Washington, D.C. startup incubator 1776 is boosting its international presence with a new space for member startups in Dubai. The campus will be part of the new Dubai Museum of the Future Foundation, created by the United Arab Emirates to support new innovation in the country.

"His Highness Sheikh Mohammed [bin Rashid Al Maktoum, prime minister of the United Arab Emirates] has really set a tone where the future of Dubai rests on attracting knowledge workers and boosting innovation," 1776 co-founder Evan Burfield told DC Inno in an interview. "There's this understanding that Dubai really has to commit to being the city of the future."

The partnership includes both a physical space for events and where startups can work and an advisory role by 1776 to help the UAE come up with a regulatory system to encourage new innovation. 1776 started talking to the UAE about this arrangement around the time 1776 held its Challenge Cup event in Dubai last year.

This news comes just a couple of weeks after 1776 announced a $7.2 million investment from a group of investors including Steve and Jean Case and led by the Pepper Group, an Australian technology investment firm. That money now has a whole new country to work in. And it brings the global ambitions that 1776 co-founder Donna Harris talked to DC Inno about last year a lot closer to reality.

Dubai makes a lot of sense as the place for that growth according to Burfield. The government and business community there are looking to solve the same problems that 1776 has laid out as the ones for its member companies to solve, and the campus itself is central both physically and culturally much the way that 1776 was set up very deliberately just a few blocks from the White House.

"Dubai is constantly experimenting and innovating. It's inspiring and exciting to us," Burfield said. "They're looking for innovations in healthcare, education, transportation and smart cities, space, energy. Really, it could not align more perfectly with us."

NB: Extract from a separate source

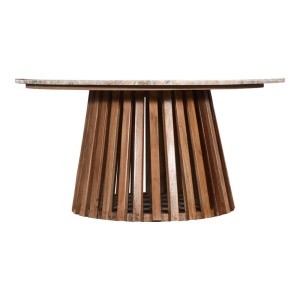 Τραπεζάκι σαλονιού Mable boho Καφέ 100x100x45 cm - Img 3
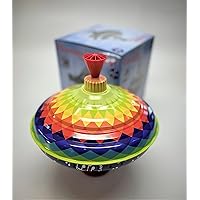 Classic Choral Multicolor Spinning Tin Top Toy from KsmToys The Funny Buzzing Multitaonal Hum Gets Louder As The Top Spins Faster, 9x9x9 Ages 18 m+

"Dubai is constantly experimenting and innovating."

Burfield wouldn't reveal any financial details, referring to it as a strategic partnership rather than as any kind of space rental or other arrangement. He said that this is only a first step in the longer term plan for an international presence for 1776, something implied in the some of 1776's other recent moves like hiring former CNN reporter Erin McPike as communications director. And of course there are a lot of possibilities inherent in having a place in Dubai as well.

"It's a different culture and they are finding answers through a new lens," Burfield said. "They're committed to coming up with ideas for sustainability, planning for a post-oil future. Dubai is a great start for our international program to grow."